This growth is not accidental. It is the result of three converging policy instruments: the original PLI Scheme for Large Scale Electronics Manufacturing (PLI 1.0), the new Electronics Component Manufacturing Scheme (ECMS), and a 100% FDI policy under the automatic route for manufacturing. For foreign manufacturers evaluating India as a production base, understanding these three pillars — and the regulatory obligations that come with them — is critical to making an informed entry decision.

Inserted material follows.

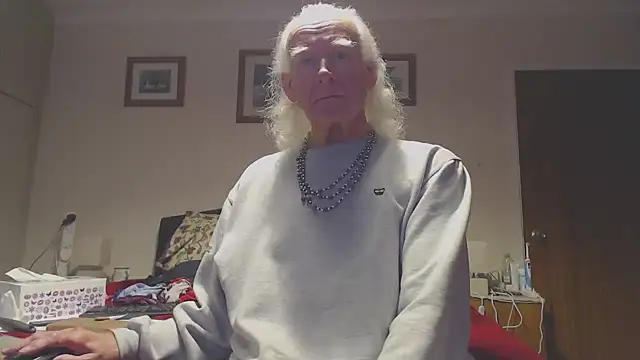 Snapshot of WaverlyKernow chatting on November 5, 10:26 am WaverlyKernow online show from November 5, 10:26 am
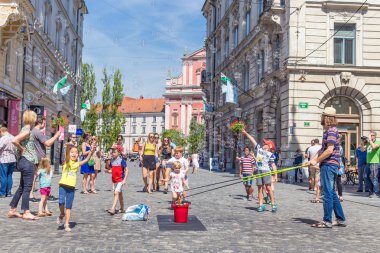 Sabun köpüğü gerçekleştirme kentsel sokak sanatçı göster: Slovence sermaye Ljubljana ortaçağ şehir merkezinde çocuklar için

PLI 1.0: Results and Lessons Learned
The original PLI Scheme for Large Scale Electronics Manufacturing, launched in 2020 with a total outlay of INR 34,193 crore, focused on smartphone and specified electronic components manufacturing. The scheme offered incentive rates of 4-6% on incremental sales over a base year, measured over five years.
Key Outcomes by FY 2025
| Metric | Achievement |
|---|---|
| Total investment realised | INR 7,700+ crore |
| Incremental production | INR 5.25 lakh crore cumulative |
| Employment generated | 1.5+ lakh direct and indirect jobs |
| PLI disbursed (FY23-FY25) | ~INR 5,000 crore to Foxconn, Tata, Samsung, Dixon |
The bulk of PLI 1.0 payouts went to Apple's contract manufacturers — Foxconn (INR 2,807 crore), Tata Electronics (INR 2,068 crore), and Pegatron — along with Samsung and Dixon Technologies. Further disbursements of INR 19,742 crore are expected during FY 2026.
Lessons for New Entrants
PLI 1.0 demonstrated that incentives alone do not build an ecosystem. The scheme succeeded in scaling smartphone assembly but exposed a critical gap: India imports over 75% of electronic components. PCBs, passive components (resistors, capacitors, inductors), display modules, and camera modules are sourced primarily from China, Taiwan, South Korea, and Japan. This import dependency creates supply chain vulnerabilities and limits domestic value addition to approximately 15-20% for assembled products.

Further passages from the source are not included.